29 March, 2011

Penegakan Hukum Illegal Fishing

PENEGAKAN HUKUM DALAM

TINDAK PIDANA PERIKANAN (ILEGAL FISHING)

Oleh : Rr. Novaryana Laras D. Prasasti, S.H.

Penegakan hukum yang akuntabel dapat diartikan sebagai upaya suatu upaya pelaksanaan penegakan hukum yang dapat dipertanggungjawabkan kepada masyarakat, bangsa dan negara yang menyangkut adanya kepastian hukum dalam sistem hukum yang berlaku. Proses penegakan hukum tidak dapat dipisahkan dengan sistem hukum itu sendiri. Sistem hukum dapat diartikan sebagai bagian-bagian proses yang saling bergantungan dan harus ditegakkan serta dipatuhi oleh penegak hukum demi ditegakkannya kepastian hukum.
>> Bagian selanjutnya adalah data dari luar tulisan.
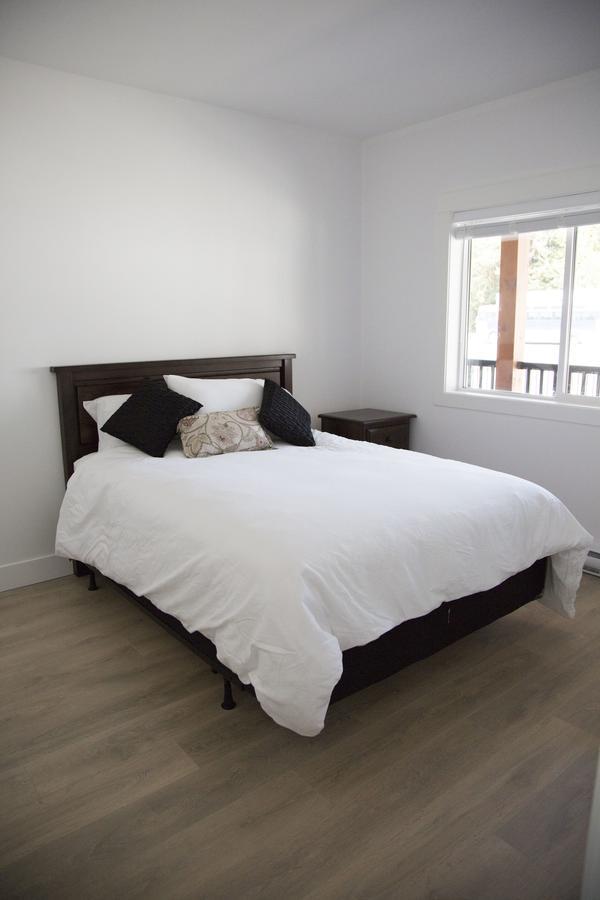 Pacific Point Market And Suites Powell River Dış mekan fotoğraf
Perkembangan perikanan tangkap Indonesia maju pesat semenjak Pelita II yang dimulai pada awal tahun 1970-an. Produksi perikanan laut meningkat dari 700 ribu ton pada tahun 1970 menjadi 4,1 juta ton pada tahun 2002, atau meningkat rata-rata 15,2 % per tahun. Namun demikian, peningkatan pada beberapa dasawarsa terakhir tidak sebanding dengan cepatnya peningkatan upaya penangkapan (fishing effort) termasuk dengan hadirnya kapal-kapal asing, hal mana mengakibatkan terjadinya gejala kejenuhan penangkapan (overfishing) di beberapa perairan. Hal ini ditandai dengan timbulnya konflik antara nelayan trawl dengan nelayan tradisional di beberapa daerah di pantai Utara Jawa dan pantai Timur Sumatera yang mendorong dihapuskannya alat trawl pada tahun 1980 dengan Keputusan Presiden Nomor 39 tahun 1980.
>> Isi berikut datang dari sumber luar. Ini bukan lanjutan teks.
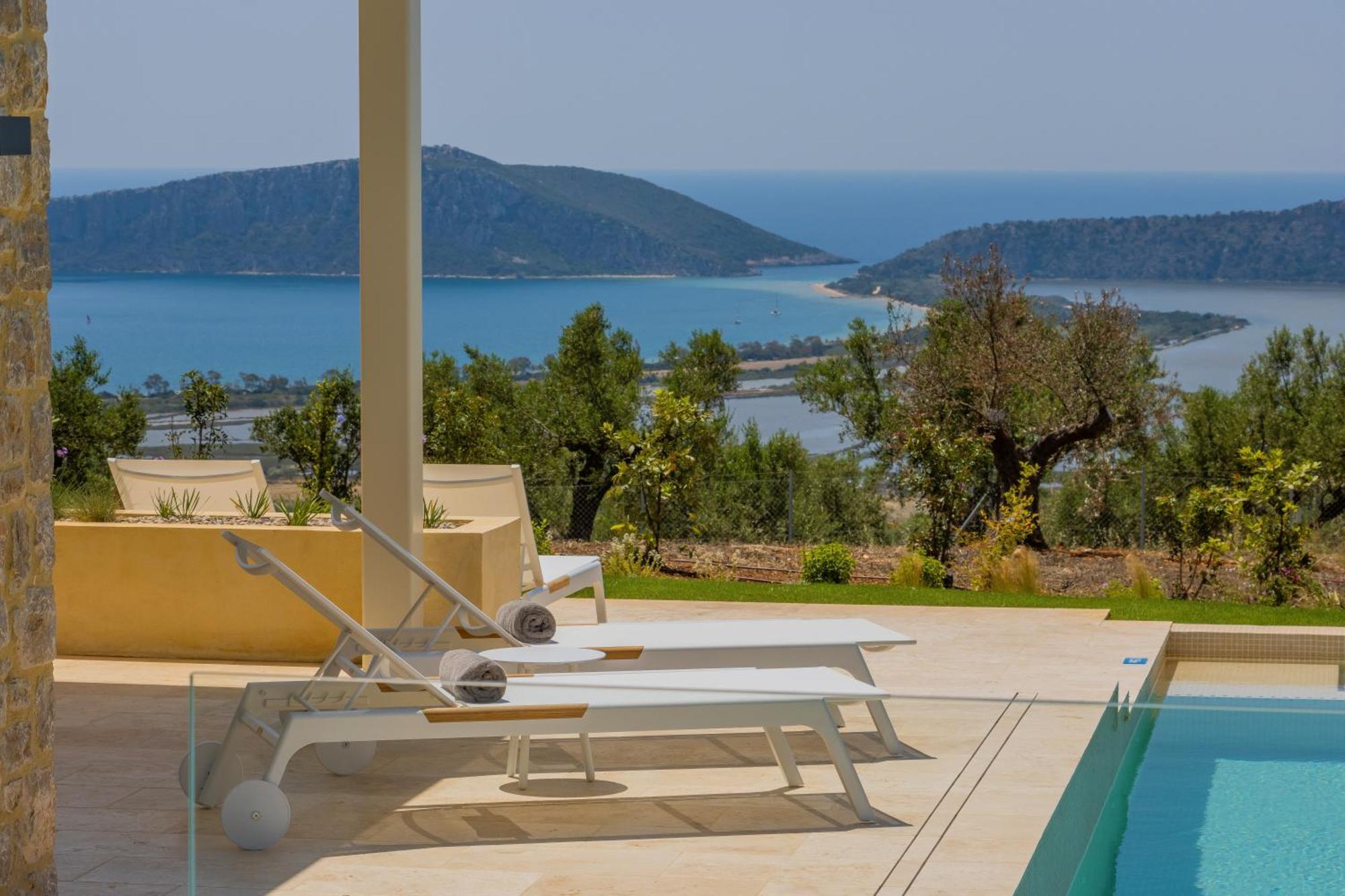 Messinian Nest Villa *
Upaya untuk memperkuat sistem pengelolaan perikanan, perairan Indonesia dikelompokkan menjadi 11 wilayah pengelolaan perikanan (WPP), meliputi:

  1. WPP 571

Selat Malaka dan Laut Andaman

  1. WPP 572

Samudera Hindia Barat Sumatera dan Selat Sunda

  1. WPP 573

Samudera Hindia Selatan Jawa dan Nusa Tenggara

  1. WPP 711

Selatan Karimata, Laut Natuna dan Laut Cina Selatan

  1. WPP 712

Laut Jawa

  1. WPP 713

Selat Makasar, Laut Flores, Teluk Bone dan Laut Bali

  1. WPP 714

Laut Banda

  1. WPP 715

Laut Aru, Laut Arafuru dan Laut Timor

  1. WPP 716

Laut Maluku, Teluk Tomini dan Laut Seram

  1. WPP 717

Laut Sulawesi dan Laut Halmahera

  1. WPP 718

Samudera Pasifik

IUU fishing yang terjadi di Indonesia, terjadi pada berbagai aspek aktivitas perikanan tangkap. Kegiatan tersebut mengakibatkan Indonesia mengalami kerugian ekonomi (economic loss). Kerugian ini disebabkan dari penangkapan ikan illegal di EEZ (ZEE) Indonesia, ekspor illegal, pelanggaran daerah penangkapan ikan, pelanggaran penggunaan tenaga kerja asing dan kerugian selisih pembayaran fee akibat kamuflase kapal-kapal ikan eks impor.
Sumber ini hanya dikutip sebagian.